How it works
You are recruited through a job advert, a recruiter message, or a hiring email for a role with titles like "package processing agent" or "quality control shipping coordinator". The job sounds simple: receive parcels, check them, repackage them, and send them on with labels the company provides.
The parcels contain goods - phones, electronics, clothing - bought with stolen payment details. By forwarding them, usually overseas, you break the trail between the criminal and the merchandise. You are the visible local address that takes the risk while the organisers stay hidden.
Why it works and who is targeted
The offer targets people looking for flexible, work-from-home income: students, carers, the recently unemployed, and newcomers to a country. It is dressed in professional language with contracts, dashboards, and an onboarding process that make it feel like a real company.
It works because nothing seems to leave your bank account - you are receiving and sending, not paying - so the risk is hidden. The cost lands later, when the promised salary never comes and when banks, couriers, or police trace the stolen goods back to your name and address.
Red flags in detail
Any job whose core task is receiving parcels and reshipping them, especially to addresses abroad, should be treated as a reshipping scam. Watch for prepaid labels sent to you, instructions to remove or replace existing labels and invoices, and pressure to forward items quickly.

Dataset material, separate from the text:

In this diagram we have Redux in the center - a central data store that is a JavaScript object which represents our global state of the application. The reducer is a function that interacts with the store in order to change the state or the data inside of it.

Payment held back until after a trial period, a salary that depends on processing a quota of packages, and a company you cannot verify with a real registration or address are all strong signs. Legitimate logistics employers do not run operations out of your home letterbox.

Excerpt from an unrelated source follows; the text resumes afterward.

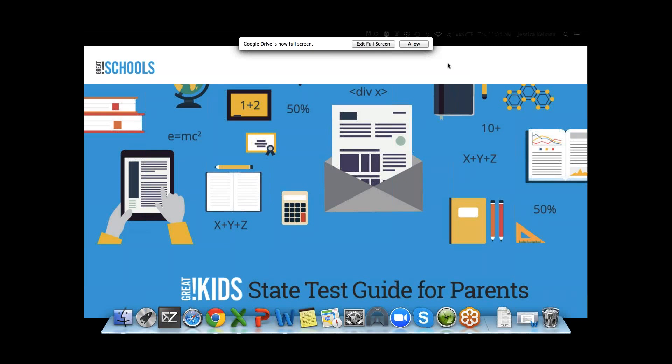My colleague Jessica Kelmon from Great Schools, she's the managing editor, will be joining us for the next hour to walk us through the Great Kids State Test Guide for Parents. My name is Jessica Rodriguez and I am the Education Outreach Manager with National Council of La Raza.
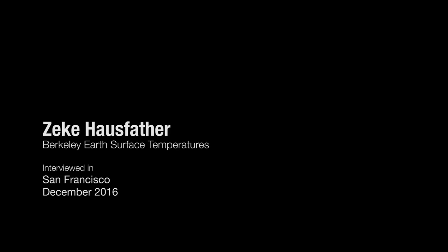In the summer of 2015, a number of scientists from NOAA published a paper in the journal Science. This is probably one of the world's most prestigious scientific journals, led by Tom Carl. So it was the Carl et al. paper.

What to do and how to stay safe
Do not take any job built around receiving and forwarding parcels, and do not reship packages for an employer you cannot fully verify. Check the company name against an official business register and search for the role wording, which often appears word for word in scam warnings.
If you have already started, stop reshipping immediately and do not send on any parcel you still hold. Keep all packages, labels, and messages, and report it to the police and to the courier - cooperating early protects you if the stolen goods are traced.